Успевший тем временем прошмыгнуть в кабинет старообразный вестовой, как ни в чем не бывало, появился на пороге и сделал Лукачу знак, что можно войти.
Марти сидел, поставив локти на разложенные перед ним бумаги и подперев кулаками взлохмаченные седые виски. Он поднял голову на шум шагов и сравнительно успешно изобразил некое подобие улыбки.
— Садитесь, товарищи,— кратко перевел Сегал его хриплое и гораздо более длинное предложение.
На сухой вопрос Лукача, и не пытавшегося делать вид, что он ничего не слышал, Марти ответил, что двенадцать орудий с заводов «Шкоды» уже в Испании и давно должны быть в Альмансе, но что-то их все нет и нет. Не только он сам, но в равной степени и «камарад Сюрупа» и «женераль Клебер» сорьезно обеспокоены этим. По всем расчетам, первая бригада должна отбывать на фронт недели через две, но не может же она выехать неукомплектованной, без собственной батареи?
Выслушав перевод, Лукач постучал пальцами по сгибу трости и хотел было в завершение беседы заметить, что громкие споры проникают, между прочим, в приемную и что, как ему кажется, с этим следовало бы считаться, но, посмотрев на своего адъютанта, смахивающего на восковой манекен в витрине венского магазина для господ офицеров, и представив себе, как тот будет интерпретировать его осторожное замечание, предпочел воздержаться.

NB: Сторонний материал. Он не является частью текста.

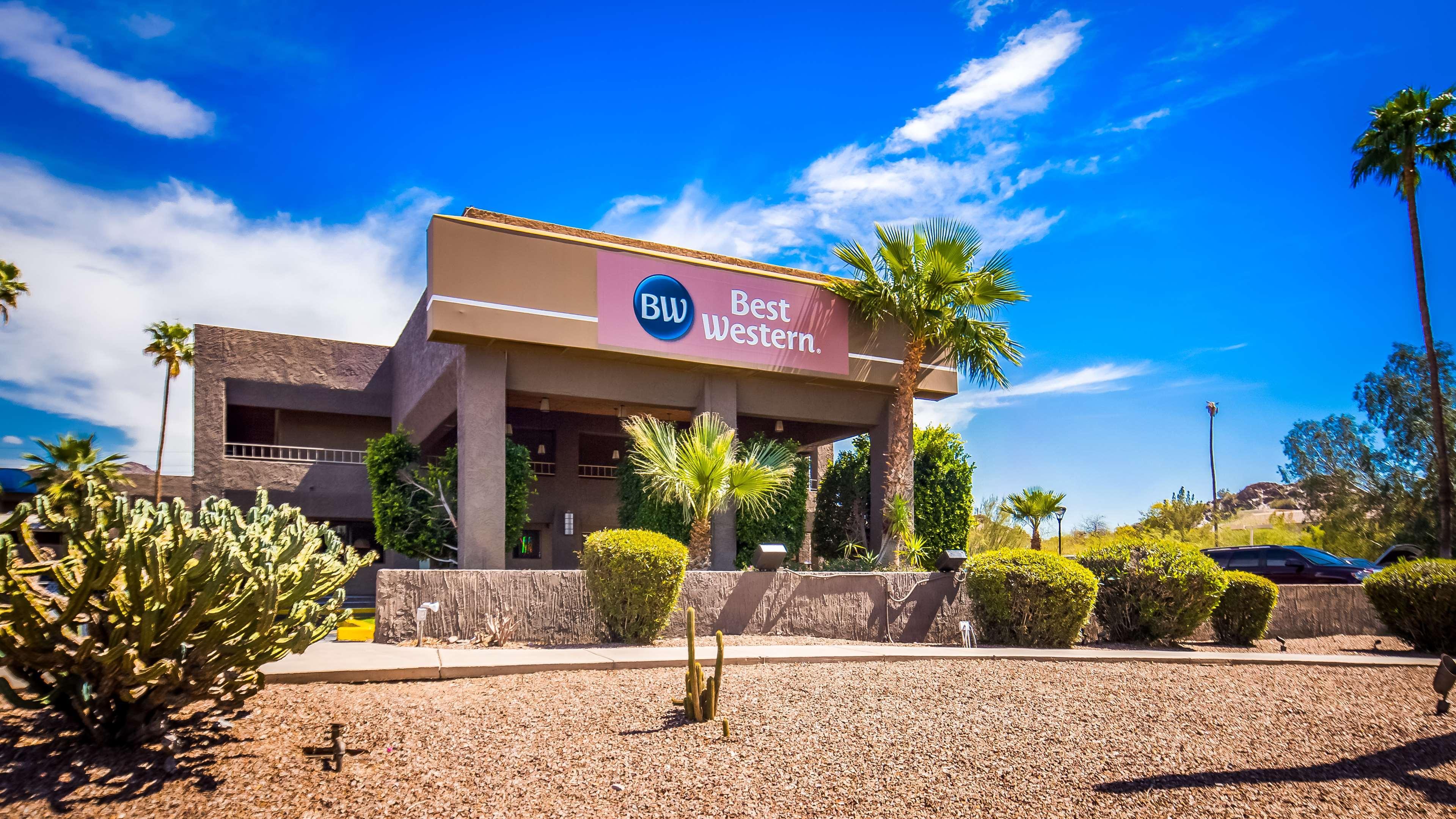 Best Western Innsuites Phoenix Hotel & Suites Экстерьер фото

Однако, сидя в бойком и вертлявом «опеле», Лукач долго не мог успокоиться. Только что происшедшая семейная сцена продолжала возмущать его. «Всякое невладение собой сколько-нибудь ответственного товарища почти всегда вульгарно,— размышлял он,— а здесь еще получилось некрасивое, как говорят русские, выношение... нет, вынесение сора из избы...»

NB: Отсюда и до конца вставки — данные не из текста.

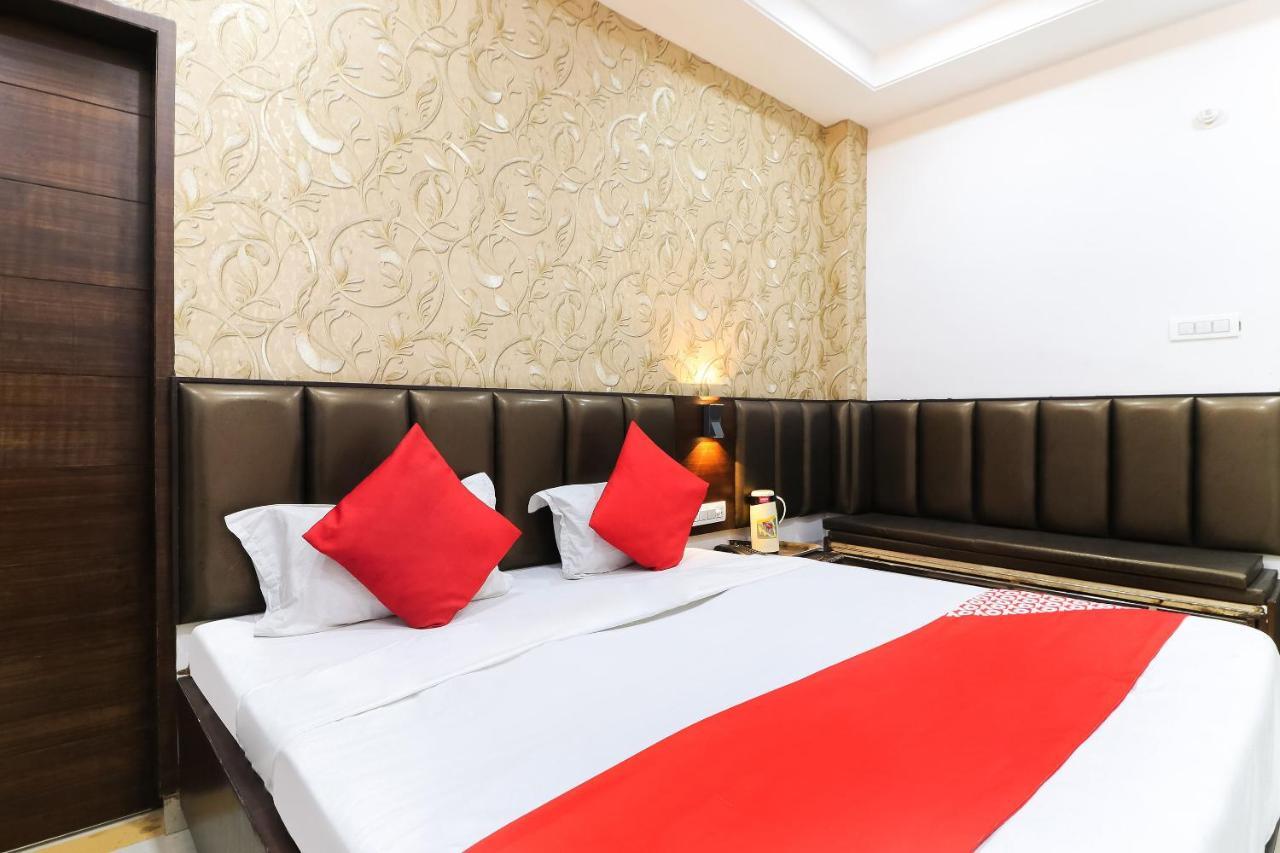 Oyo 48489 Adarsh Plaza Hotel Szaharanpur Kültér fotó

К раздражению, которое вызвало в нем поведение Марти примешивалась и острая жалость к Полин. Молодая была так унижена перед посторонними... В нем чуть ли не с детства сидело убеждение, что женщины вообще совершенно особые существа, ни в чем не похожие на мужчин, и что если они принадлежат не всегда к прекрасному, то всегда — к слабому полу, трогательно беззащитному и очень легкоранимому. Грубость, проявленная кем бы то ни было по отношению к женщине, всегда вызывала в нем кипучее негодование и часто заставляла вступать в неловкие и не имеющие к нему лично ни малейшего отношения конфликты. И то, что Марти позволил себе истерично орать на собственную жену, которая к тому же годилась ему в дочери, навсегда уронило этого человека в его глазах.